**Work request:** Exactly the lines from the one containing "公路工程集团东晓南路-广州南站连接线南段工程第二标段全线顺利贯通" through the one containing "椰油酰氯,Coconutchloride" in the listing below are to be copied, with the pictures left out.

**Supplied data:**
*-*-*

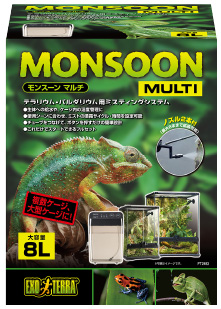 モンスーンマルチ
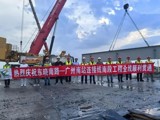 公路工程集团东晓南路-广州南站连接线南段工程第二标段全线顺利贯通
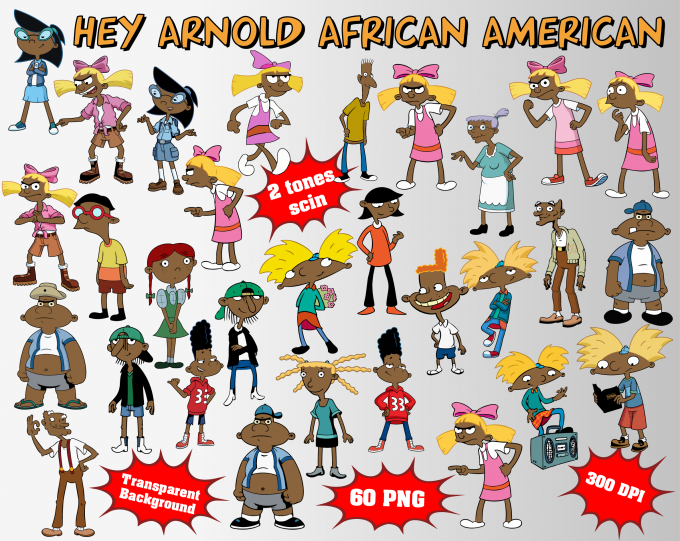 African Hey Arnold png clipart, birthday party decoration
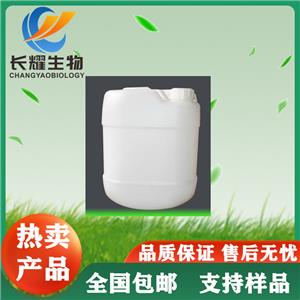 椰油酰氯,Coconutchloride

*-*-*

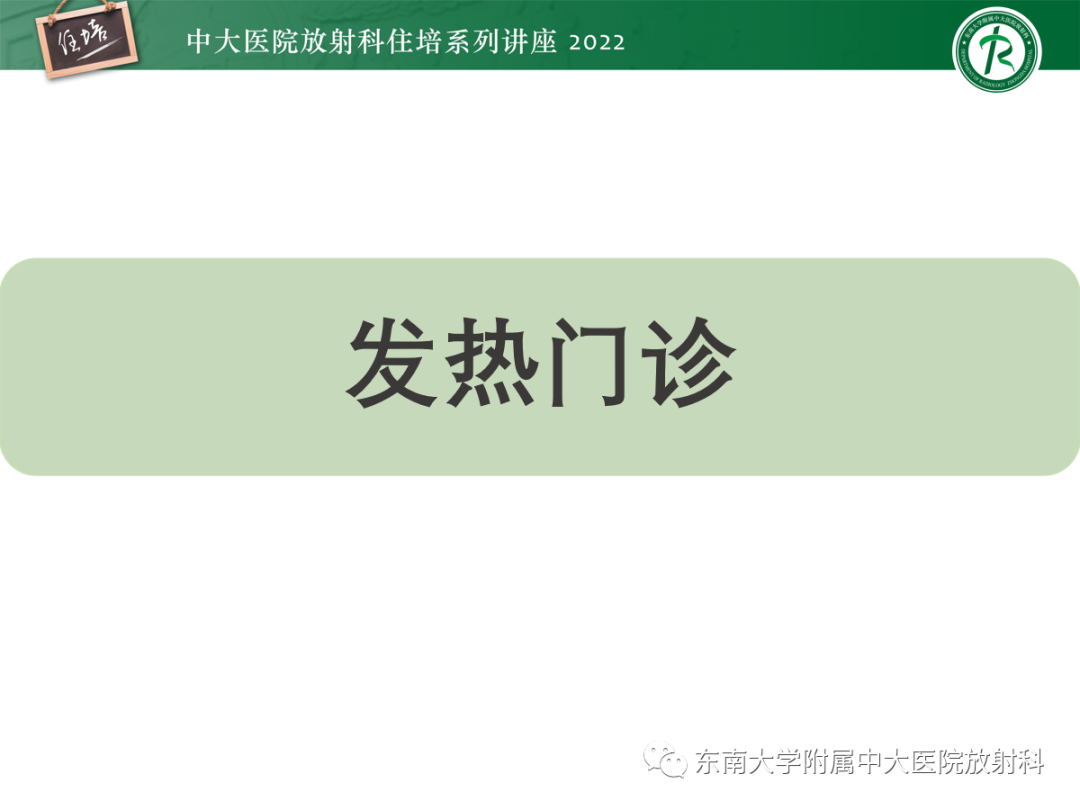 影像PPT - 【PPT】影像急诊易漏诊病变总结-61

*-*-*

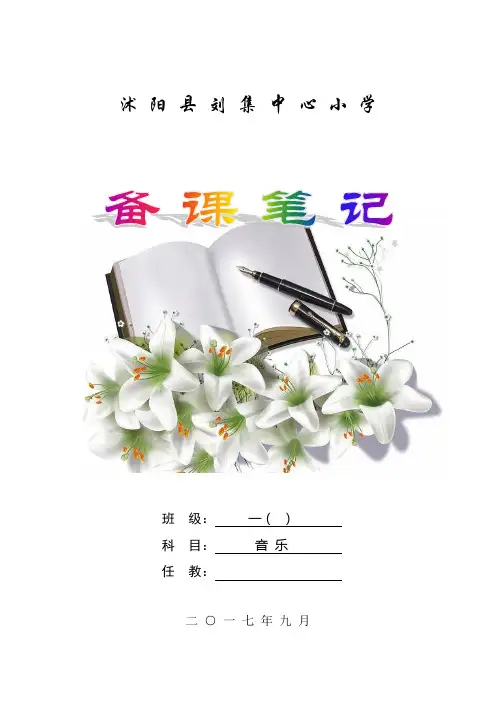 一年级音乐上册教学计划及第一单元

*-*-*

**Result below:**
 公路工程集团东晓南路-广州南站连接线南段工程第二标段全线顺利贯通
 African Hey Arnold png clipart, birthday party decoration
 椰油酰氯,Coconutchloride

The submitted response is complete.